Los propósitos de Trapero quedan expuestos desde el principio. Una secuencia donde las dos hermanas yacen en la cama y evocan el recuerdo de juventud donde solían masturbarse juntas pensando en la figura de un trabajador de raza negra. Erotismo, planos detalle, primeros planos y suaves travellings por dos figuras femeninas que se funden y serpentean entre las sábanas. El espectro de Bergman sobrevuela durante toda la película, con esa constante referencia a la dualidad femenina escondida en relaciones binarias: madre/hija, hermana/amante, padre/masculinidad. Caras que se funden, reflejos que enmarcan rostros deformados por la frustración sexual, encuadres reencuadrados en el propio plano enfatizando esa idea del gran teatro familiar. Es aquí donde la libertad absoluta que Trapero se ha tomado dirigiendo y escribiendo La quietud parece querer despuntar, pero rápidamente deriva un estéril ejercicio de diálogos destinados a nada más que incomodar al espectador eliminando su capacidad para ser sugestionado y siendo instruido en cómo juzgar lo que ve. Lo que en Bergman era herencia de ese teatro de la crueldad y el absurdo donde la reiteración expresiva, los diálogos alargados, el minimalismo expresivo y la ironía deconstruían al hombre en atmósferas dotadas de un onirismo inmanente, queda en nada en manos de Trapero. Del teatro de la crueldad surge la necesidad permanente de impactar al espectador con sucesos dramáticos, pero llegados a punto del filme esos sucesos poco sorprenden cuando el metraje ya ha anticipado ese suceso en eternas discusiones. Del teatro del absurdo o la ironía de Strindberg La quietud parece querer aspirar a crear ese halo de atemporalidad, de tiempo congelado en un espacio de acción acotado – la finca familiar – , y omitiendo los sugerentes primeros compases, el resto del filme carece de la ironía y sus personajes de la profundidad para soportar una revisión existencialista.

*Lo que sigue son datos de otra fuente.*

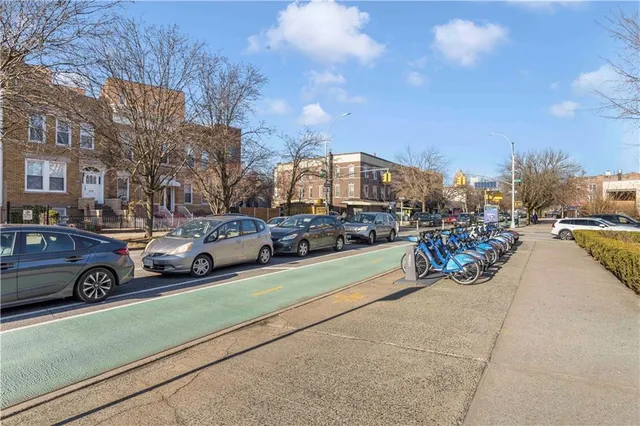 a view of a street with cars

Aún con estos fallos Trapero apunta alto, existe un sustrato erótico y convive un tímido relato de obsesiones y parafilias cuya sutileza es tal que el espectador acaba preguntándose si no habría sido mejor arriesgar antes que ofrecer el sempiterno relato de una reunión familiar donde la burguesía dirime sus penas y reproches sin rascar la superficie. Para esa clase de retratos familiares marcados por la ironía y el humor negro ya tenemos films como Agosto (August: Osage County, John Wells, 2013), que se contentan con no ir más allá de un escrupuloso estudio de personajes. Viniendo de alguien tan mordaz como Trapero, y de una cinematografía como la argentina, tan evocadora en sus retratos desaforados de la inanición de la burguesía y alta sociedad, tan capaz de registrar la densidad psicológica de una clase estancada en sus vicios, todo parece insuficiente. Lucrecia Martel, Anahí Berneri o el propio Trapero son ejemplos de esta tendencia psicológica y existencial.
Un ejercicio de libertad creativa que culmina con un salto al vacío y caída dolorosa. Atisbos de lo que podría haber sido, y la certeza de lo que es: un drama familiar descompensado y lastrado por la incapacidad de Trapero para conciliar registros dramáticos y superar el hieratismo de unas formas propias del telefilme que aunque podrían haber aportado un interesante contrapunto, en este caso pesan mucho en el desarrollo dramático y la coherencia de los personajes. La quietud es un filme incómodo, que parece no querer posicionarse y sobrevuela multitud de motivos sin ahondar lo suficiente en ninguno de ellos y deteniéndose en la contemplación morbosa de unos personajes que quedan lejos del espectro de Bergman.
Leyendo, sin haber visto la película, me vino a la mente, que tú también nombras, a Lucrecia Martel, y más particularmente, su ciénaga. Tendré que ver la peli de Trapero, al menos me has puesto los dientes largos con tu comentario. No importa lo extenso que sea, no se hace pesado, y cada párrafo es un descubrimiento, una mezcla de certeza e incertidumbre.